Réunie le mardi 20 novembre 2001 sous la présidence de M. Alain Lambert, président, la commission a procédé à l'examen des crédits du budget annexe des prestations sociales agricoles pour 2002, sur le rapport de M. Joël Bourdin, rapporteur spécial.

M. Joël Bourdin, rapporteur spécial, a indiqué qu'en 2002, le BAPSA s'élevait, hors restitutions de TVA, à 14,259 milliards d'euros (93,53 milliards de francs), en augmentation de 3,3 % par rapport à 2001. En incluant les restitutions de TVA, il a précisé qu'il s'élevait à 15,37 milliards d'euros (+ 4,7 % par rapport à 2001).

Pour 2002, il a souligné que les principales caractéristiques des recettes du BAPSA étaient les suivantes :

- une quasi stabilité du montant des contributions professionnelles ;

-  une forte progression du montant des taxes affectées (+ 9,5 %) ;

- une augmentation du montant des transferts de compensation démographique (+ 10,6 %) ;

- un très net recul de la participation de l'Etat au titre de la subvention budgétaire d'équilibre (- 67 %) et parallèlement une augmentation sensible du versement de contribution sociale de solidarité des sociétés (C3S) au profit du BAPSA (+ 86,4 %).

Il a ensuite précisé que les dépenses prévisionnelles s'établissaient pour 2002 à près de 15,4 milliards d'euros (101 milliards de francs) et qu'elles progressaient de 685 millions d'euros (4,5 milliards de francs), soit + 4,7 %, par rapport à la loi de finances initiale pour 2001.

Il a indiqué que, hors les restitutions de TVA, qui connaîtraient en 2002 une accélération très sensible résultant de celle des ressources de TVA elles-mêmes, cette augmentation des dépenses prévisionnelles se réduisait à 452 millions d'euros (2,97 milliards de francs), soit + 3,3 %. Il a ajouté que les dépenses hors restitutions, plus représentatives de la réalité des dépenses du BAPSA, s'élevaient à 14,25 milliards d'euros en 2002 (93,5 milliards d'euros).

Il a précisé que les prestations d'assurance vieillesse s'établissaient pour 2002 à 7,945 milliards d'euros (52,1 milliards de francs), en augmentation de 186,1 millions d'euros par rapport à la loi de finances initiale pour 2001, soit + 2,4 %. Il a indiqué que cette augmentation devait cependant être ramenée à 115 millions d'euros (754,35 millions de francs), soit + 1,8 %, par rapport aux nouvelles prévisions de dépenses pour 2001 (7,83 milliards d'euros).
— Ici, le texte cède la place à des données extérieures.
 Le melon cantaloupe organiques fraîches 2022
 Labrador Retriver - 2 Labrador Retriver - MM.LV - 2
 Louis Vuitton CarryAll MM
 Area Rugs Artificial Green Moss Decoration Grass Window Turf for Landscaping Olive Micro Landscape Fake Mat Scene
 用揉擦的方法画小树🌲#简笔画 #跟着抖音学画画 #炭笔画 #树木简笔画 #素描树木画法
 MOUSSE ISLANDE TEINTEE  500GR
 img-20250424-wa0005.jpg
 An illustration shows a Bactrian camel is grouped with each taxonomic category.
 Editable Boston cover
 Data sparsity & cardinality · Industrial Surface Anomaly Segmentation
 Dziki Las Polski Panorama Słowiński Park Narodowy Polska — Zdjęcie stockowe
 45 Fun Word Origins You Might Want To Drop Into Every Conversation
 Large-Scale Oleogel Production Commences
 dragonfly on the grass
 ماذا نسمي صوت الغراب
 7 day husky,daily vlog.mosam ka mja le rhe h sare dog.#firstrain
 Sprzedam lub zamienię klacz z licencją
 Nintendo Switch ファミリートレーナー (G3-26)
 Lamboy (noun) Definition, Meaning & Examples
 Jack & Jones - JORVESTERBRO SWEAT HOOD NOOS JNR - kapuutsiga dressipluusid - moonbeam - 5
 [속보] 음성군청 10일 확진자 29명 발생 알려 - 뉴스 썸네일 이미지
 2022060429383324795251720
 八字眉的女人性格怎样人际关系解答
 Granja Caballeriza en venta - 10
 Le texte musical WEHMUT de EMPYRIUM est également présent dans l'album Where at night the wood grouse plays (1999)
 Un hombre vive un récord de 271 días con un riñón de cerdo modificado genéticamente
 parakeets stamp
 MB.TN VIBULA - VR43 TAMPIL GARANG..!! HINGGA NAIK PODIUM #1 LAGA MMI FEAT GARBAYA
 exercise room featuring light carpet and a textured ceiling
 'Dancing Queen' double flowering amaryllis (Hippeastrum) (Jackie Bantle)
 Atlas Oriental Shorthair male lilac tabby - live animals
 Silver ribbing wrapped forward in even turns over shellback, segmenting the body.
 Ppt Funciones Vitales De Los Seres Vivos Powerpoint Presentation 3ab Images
Il a souligné que cette croissance était la résultante du relèvement important des retraites contributives et d'une diminution sensible des dépenses au titre du fonds de solidarité vieillesse (FSV). Il a estimé que les mesures de revalorisation des petites retraites en 2002 devraient entraîner des dépenses supplémentaires de l'ordre de 215,7 millions d'euros (1,4 milliard de francs) en année pleine.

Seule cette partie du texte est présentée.